**SOURCE MATERIAL**
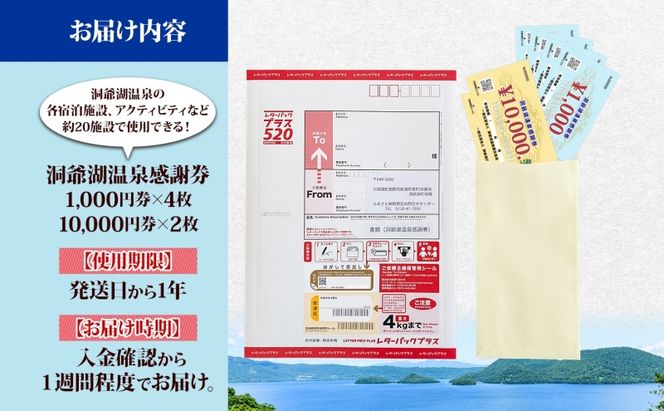 洞爺湖温泉感謝券 24000円 分 金券 クーポン 洞爺湖 湖 温泉 リゾート 有珠山 火山 自然 花火 イルミネーション 旅行 観光 宿泊 施設 宿 アクティビティ 体験 チケット 送料無料 北海道 洞爺湖町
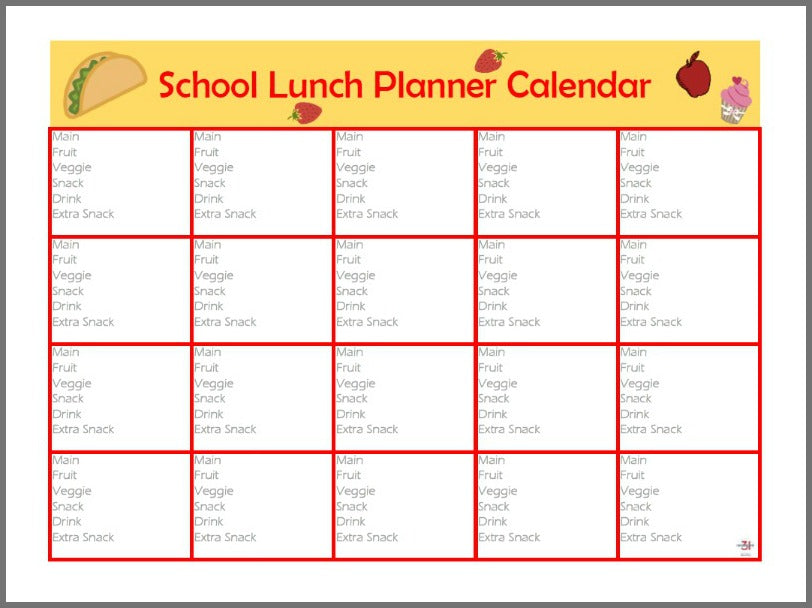 A School Lunch Box Planner calendar with a taco on it from the Organized 31 Shop.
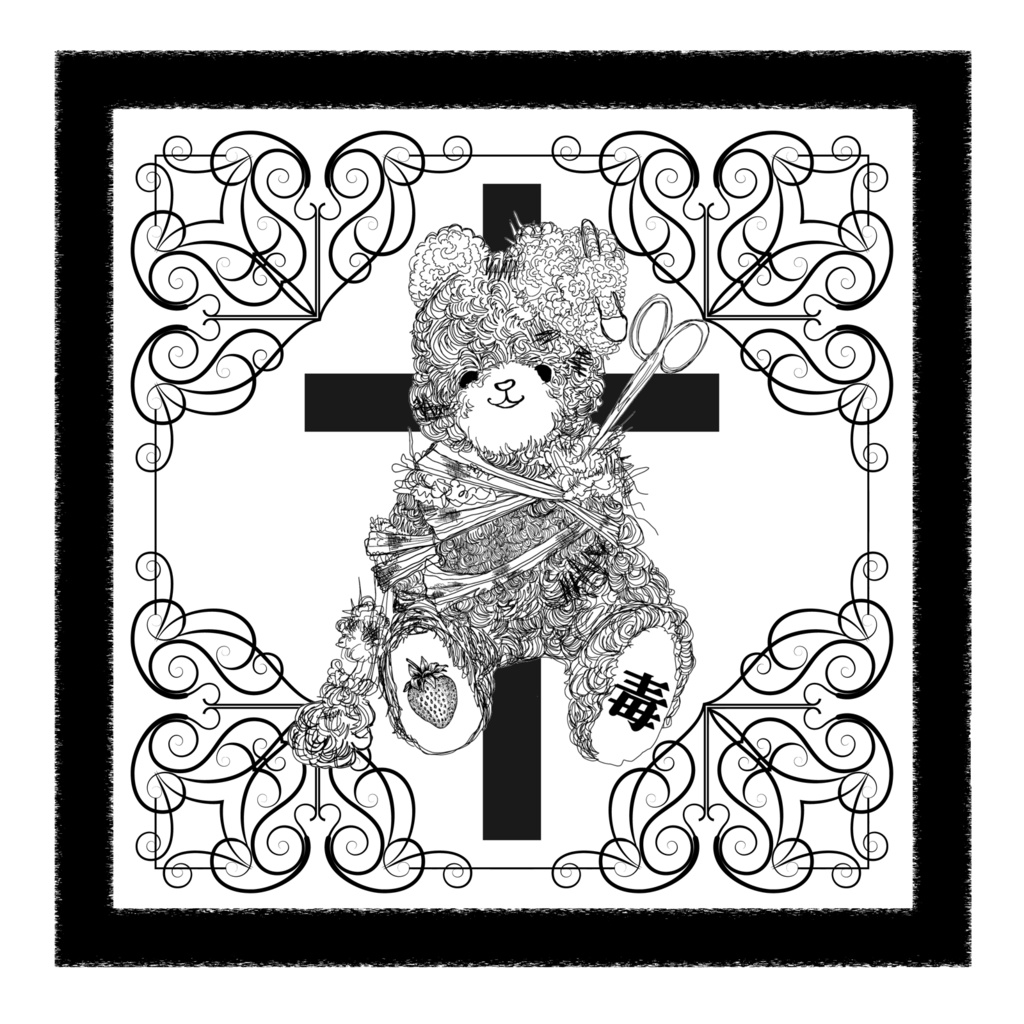 毒クマ✧◻️ステッカー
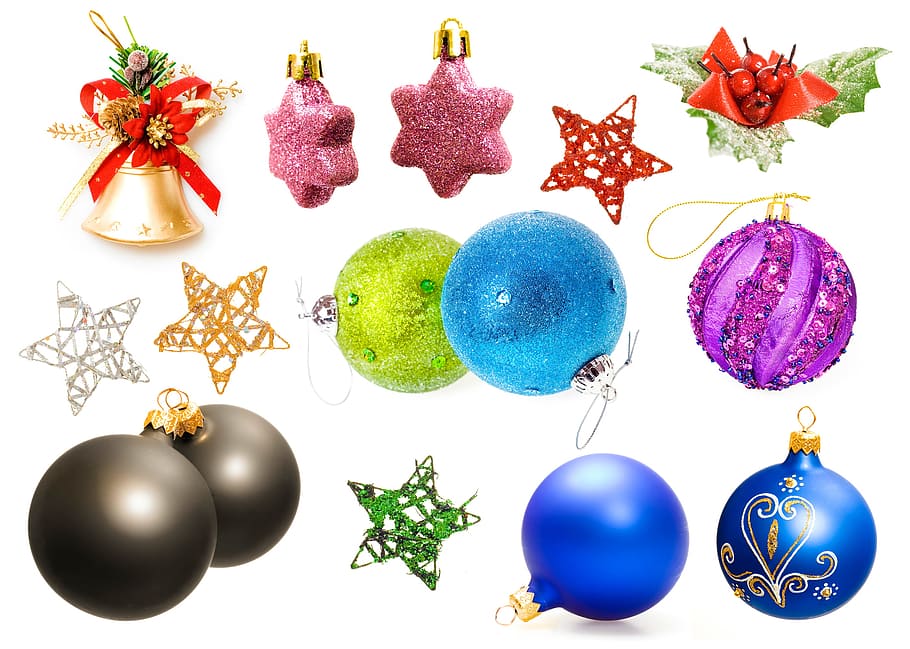 natal, dekorasi, terisolasi, pernak-pernik, bunga, poinsettia, koleksi, merah, kedatangan, pita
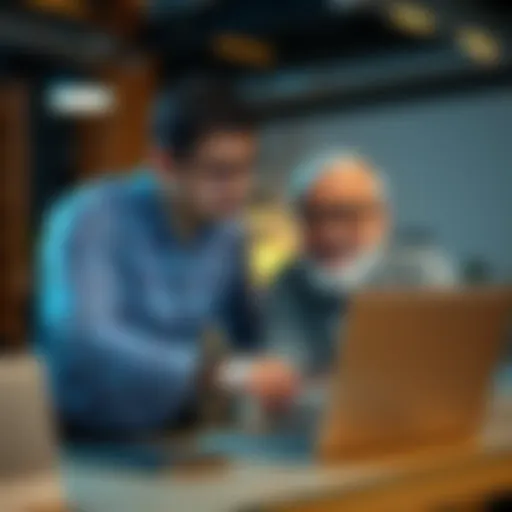 An instructor guiding a hesitant adult learner on a laptop, showcasing the challenge of embracing technology.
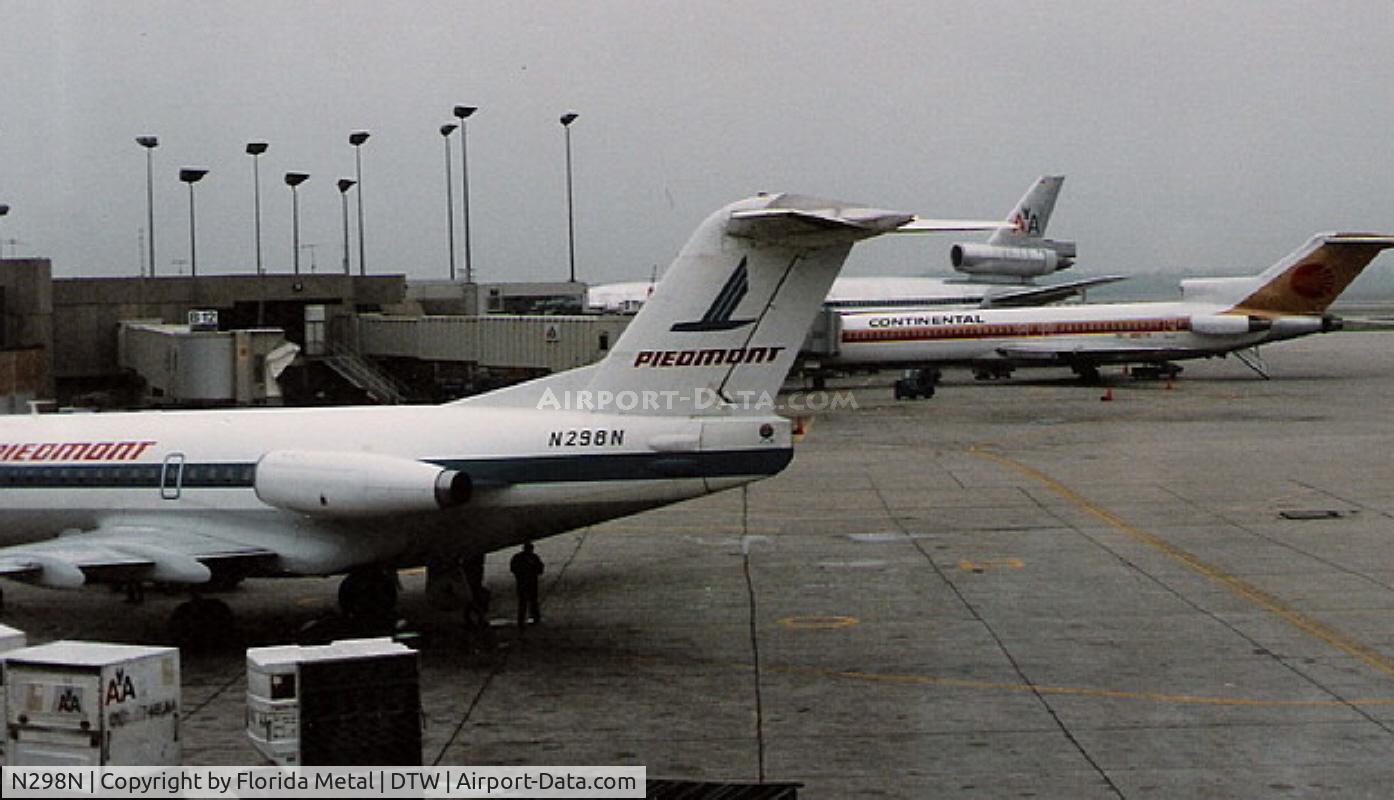 N298N, 1969 Fokker F-28-1000C Fellowship C/N 11103, Piedmont F-28 in 1986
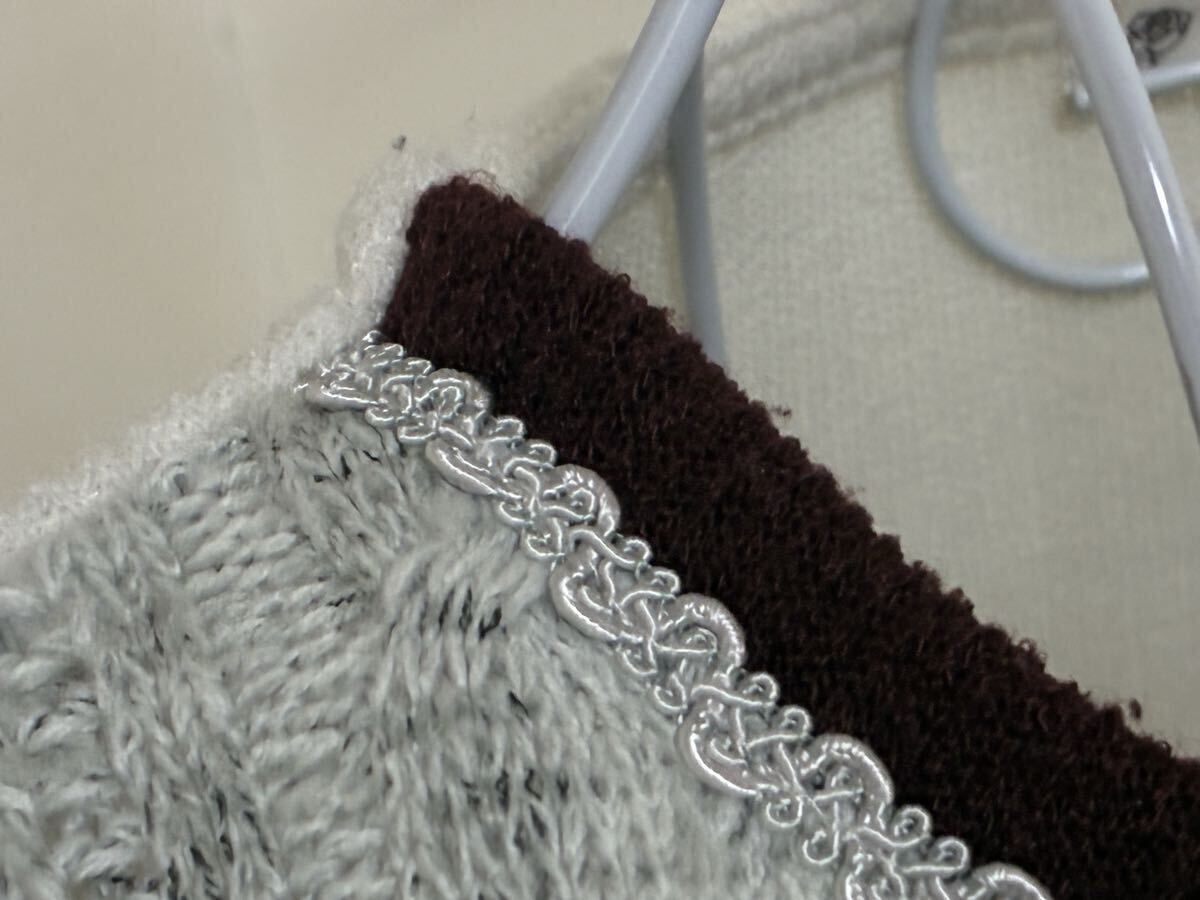 アクシーズファム☆ニット切り替えバイカラーリブプルオーバートップス☆used_画像2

**EXERCISE OBJECTIVE**
Set down every entry above without alteration, but print no images.

**EXERCISE RESPONSE**
 洞爺湖温泉感謝券 24000円 分 金券 クーポン 洞爺湖 湖 温泉 リゾート 有珠山 火山 自然 花火 イルミネーション 旅行 観光 宿泊 施設 宿 アクティビティ 体験 チケット 送料無料 北海道 洞爺湖町
 A School Lunch Box Planner calendar with a taco on it from the Organized 31 Shop.
 毒クマ✧◻️ステッカー
 natal, dekorasi, terisolasi, pernak-pernik, bunga, poinsettia, koleksi, merah, kedatangan, pita
 An instructor guiding a hesitant adult learner on a laptop, showcasing the challenge of embracing technology.
 N298N, 1969 Fokker F-28-1000C Fellowship C/N 11103, Piedmont F-28 in 1986
 アクシーズファム☆ニット切り替えバイカラーリブプルオーバートップス☆used_画像2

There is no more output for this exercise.